Here’s a sketchy overview of what was going on: they were running a Windows VM inside his VMware infrastructure, decided to configure bridging between a vNIC and a VPN link, and the VM started to send BPDUs through the vNIC. vSwitch ignored them, but the physical switch didn’t – it shut down the port, cutting a number of VMs off the network.

Best case, BPDU guard on the physical switch blocks but doesn’t shut down the port – all VMs pinned to that link get blackholed, but the damage stops there. More often BPDU guard shuts down the physical port (the reaction of BPDU guard is vendor/switch-specific), VMs using that port get pinned to another port, and the misconfigured VM triggers BPDU guard on yet another port, until the whole vSphere host is cut off from the rest of the network. Absolutely worst case, you’re running VMware High Availability, the vSphere host triggers isolation response, and the offending VM is restarted on another host (eventually bringing down the whole cluster).

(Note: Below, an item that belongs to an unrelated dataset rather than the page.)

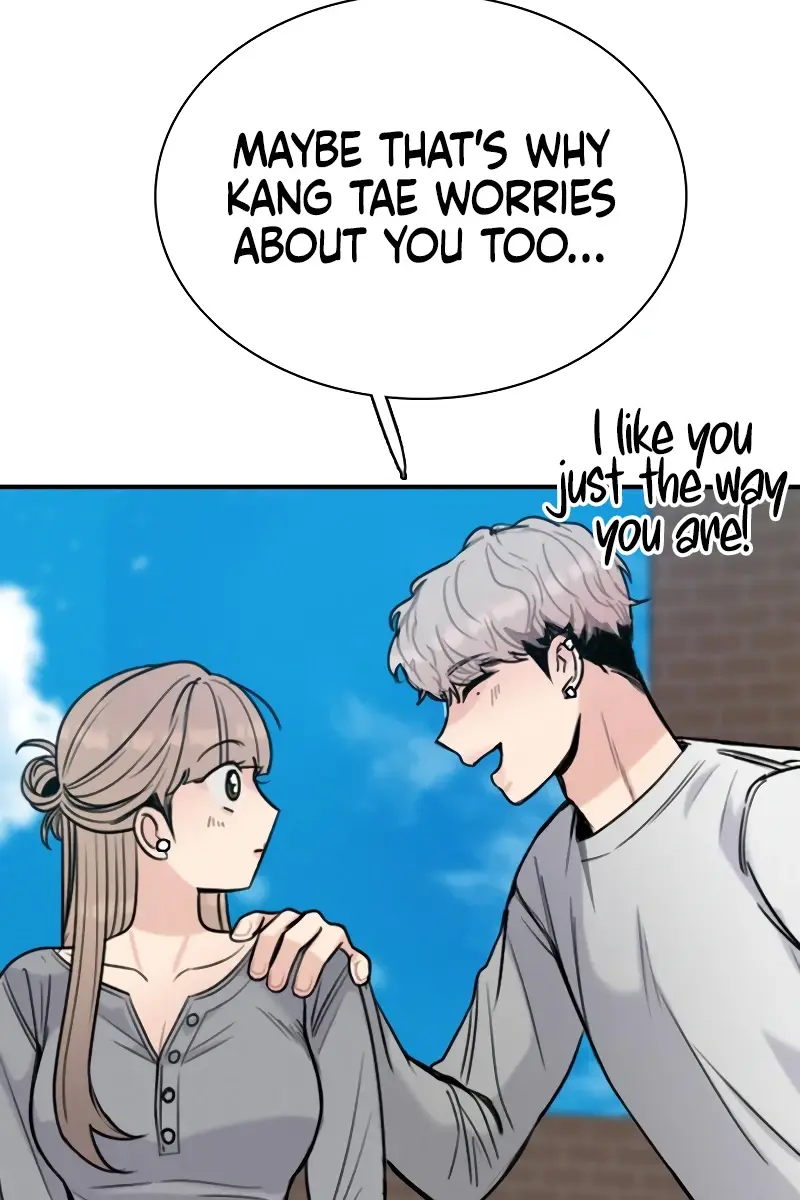 I'm Fine, Thank You, and You? Chapter 31 Page 37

There is only one good solution to this problem: implement BPDU guard on the virtual switch. Unfortunately, no virtual switch running in VMware environment implements BPDU guard.

Interestingly, the same functionality would be pretty easy to implement in Xen/XenServer/KVM; either by modifying the open-source Open vSwitch or by forwarding the BPDU frames to OpenFlow controller, which would then block the offending port.

Nexus 1000V seems to offer a viable alternative. It has an implicit BPDU filter (you cannot configure it) that would block the BPDUs coming from a VM, but that only hides the problem – you could still get forwarding loops if a VM bridges between two vNICs connected to the same LAN. However, you can reject forged transmits (source-MAC-based filter, a standard vSphere feature) to block bridged packets coming from a VM.

According to VMware’s documentation (ESX Configuration Guide) the default setting in vSphere 4.1 and vSphere 5 is to accept forged transmits.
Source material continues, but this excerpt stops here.